Sugar Plum Fairy Tea Party opens holiday season with preview of The Nutcracker – Berks Weekly

The 4th floor of the GoggleWorks turned into a winter wonderland Sunday afternoon in the return of the Sugar Plum Fairy Tea Party. The festive tradition is hosted by Berks Ballet Theatre as a preview of the the annual holiday performance of The Nutcracker.

The event takes inspiration from The Nutcrackers Land of the Sweets, featuring an assortment of desserts, crafts, special performer meet & greet session, and story time with the guest of honor, the Sugar Plum Fairy herself, Ellie Folga.

We are very excited to be back live again performing The Nutcracker at the Scottish Rite Cathedral with the Reading Pops Orchestra said Director of Berks Ballet Theatre Conservatory of Dance, Nathan Bland. One of our company members and a student of our conservatory is performing as the Sugar Plum Fairy along with our guest Cavalier Jace Coronado of New York City.

The 90 minute event gave children time to make crafts, eating a box lunch, and watch a special preview performance of The Nutcracker.

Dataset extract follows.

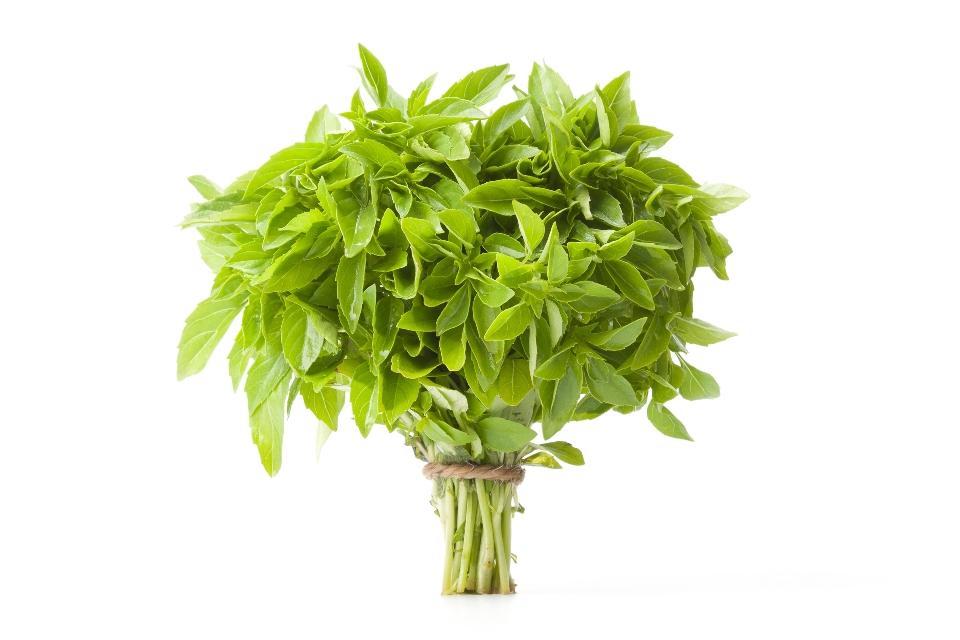 Bush Basil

We began rehearsals [for The Nutcracker] the last weekend of September, every Saturday and Sunday. We try every year to make the performance extra special, especially with this year being the 45th year said Kelly Barber, Artistic Director Berks Ballet Theatre, Principal Teacher/ BBT Conservatory of Dance.

Berks Ballet Theatre partnered with several local businesses, including Ady Cakes and Sweet Ride Ice Cream, who both provide sweet treats for guests.

Bland added We are just excited to bring the live arts back to Berks County after the hiatus of virtual performances and continue the tradition of ballet and music.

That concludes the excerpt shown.